▸ **DATASET CONTENT**
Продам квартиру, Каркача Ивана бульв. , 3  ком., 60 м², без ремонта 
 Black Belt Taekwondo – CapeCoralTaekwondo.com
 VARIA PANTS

▸ **ASSIGNED TASK**
Reproduce the full listing exactly.

▸ **ANSWER SECTION**
Продам квартиру, Каркача Ивана бульв. , 3  ком., 60 м², без ремонта 
 Black Belt Taekwondo – CapeCoralTaekwondo.com
 VARIA PANTS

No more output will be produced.